## Dataset section
————————
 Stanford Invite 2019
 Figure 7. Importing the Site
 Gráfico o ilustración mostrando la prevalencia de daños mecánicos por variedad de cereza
————————
## The problem
From top to bottom, repeat the data above without alteration.

## Output of the task
 Stanford Invite 2019
 Figure 7. Importing the Site
 Gráfico o ilustración mostrando la prevalencia de daños mecánicos por variedad de cereza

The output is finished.